Une agriculture développée, mais pas d’industrie agricole
La région Béni Mellal- Khénifra est connue pour être une région agricole. Un atout majeur. Selon une monographie effectuée par le ministère de l’Intérieur sur la région, celle-ci concentre, avec 948.826 hectares, un peu plus de 11% de superficie agricole utile au niveau national. En 2011-2012, la contribution de la région à la production céréalière nationale s’élève à 13%.
Pourtant, malgré la mise en place d’une agropole de 108 hectares inaugurée en 2017, la région a toujours « besoin d’un coup de pouce de l’État » pour encourager le développement de l’agro-industrie dans la région, nous affirme Nourredine Darbouchi, le directeur du Conseil régional d’investissement (CRI) local. Le responsable espère qu’une intervention du gouvernement permettra d’attirer des « locomotives dans le secteur de l’industrie agroalimentaire » dans la région.
Nécessité de créer un écosystème OCP
En plus de l’agro-industrie, Nourredine Darbouchi espère également un développement d’autres pans du secteur industriel dans la région. Une affirmation qui peut paraître étonnante lorsqu’on sait que Beni Mellal-Khenifra abrite le gisement d’Oued Abdoun à Khouribga, qui représente près de 40% des ressources nationales en phosphate, et que la ville est connue comme la capitale marocaine du phosphate.

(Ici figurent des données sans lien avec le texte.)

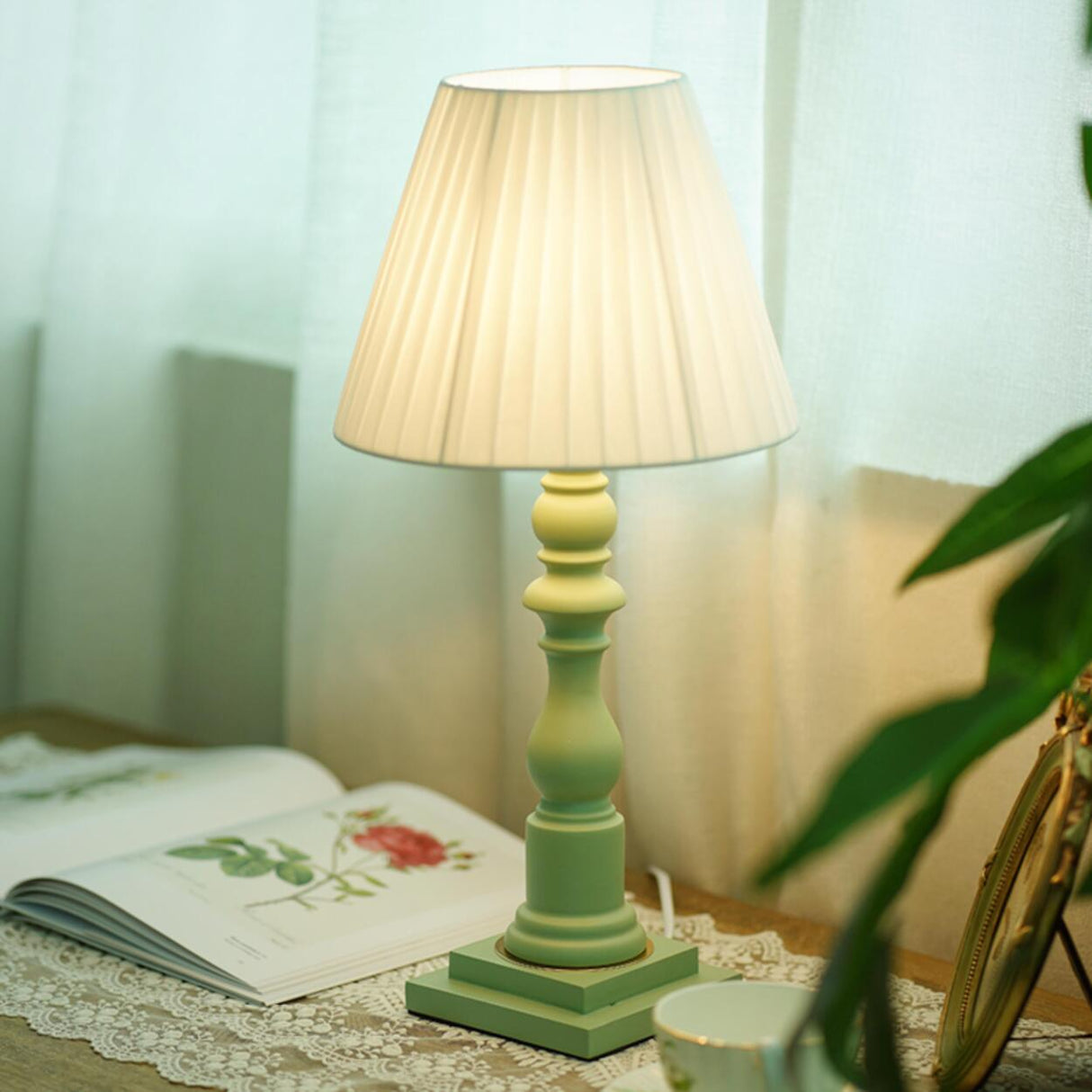 Simplistic Classical Fabric Lampshade Wooden Table Lamp Image - 5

Bien que Beni Mellal-Khenifra abrite des sites miniers de l’OCP, elle ne bénéficie pas de la présence du groupe qui transforme son phosphate en dehors de la région. L’OCP compte néanmoins participer à l’industrialisation de la région, puisque des projets d’envergure y ont été lancés. Au mois de mars, le CRI annonçait l’approbation de 12 projets initiés par l’OCP pour un montant de 16 milliards de dirhams portant sur les secteurs des mines, des industries et des services.
Le groupe prévoit notamment la construction de la plus grande laverie du monde à Beni Mellal, pour enrichir le phosphate et le préparer pour le transport. L’OCP avait également lancé au mois de mars le projet de mine et de puits de Ben Amir qui contribuera « fortement à l’industrialisation de la région« , d’après Nourredine Derbouchi. Le but est de créer à terme un « écosystème OCP » dans la région, d’après le responsable.
Les investissements de l’OCP suffiront-ils pour autant à combler la faible présence de sites industriels dans la région ? En 2011, les 325 unités industrielles que comptait la région ne représentaient que 1% de la production industrielle nationale, 1% du chiffre d’affaires à l’échelle nationale, et 1% des investissements au niveau national.
Pour remédier à cette situation, le directeur du CRI de Beni Mellal-Khenifra espère que le programme de développement régional adopté en mars contribuera au développement de l’activité industrielle dans sa région à travers la mise en place de zones franches. Ce projet, qui sera porté par le ministère de l’Industrie, permettra de remédier aux besoins en foncier des investisseurs.
Un secteur touristique moribond
En dehors de l’industrie, la région espère aussi qu’une attention particulière soit portée au tourisme. Malgré des atouts tels que le barrage de Bin El Ouidane, les cascades d’Ouzoud ou encore les rives du fleuve Oum Rbiâ elle peine à attirer des touristes. En 2012, elle ne représentait que 1% des nuitées passées au Maroc.
Un chiffre faible qui s’explique, selon Nourredine Debourchi, par le manque d’infrastructures touristiques: Beni Mellal-Khenifra ne comptait que 65 établissements classés pour une capacité d’un peu plus de 3.000 lits en 2012. Par ailleurs, la région compte essentiellement sur le tourisme intérieur qui représentait 69% du tourisme local.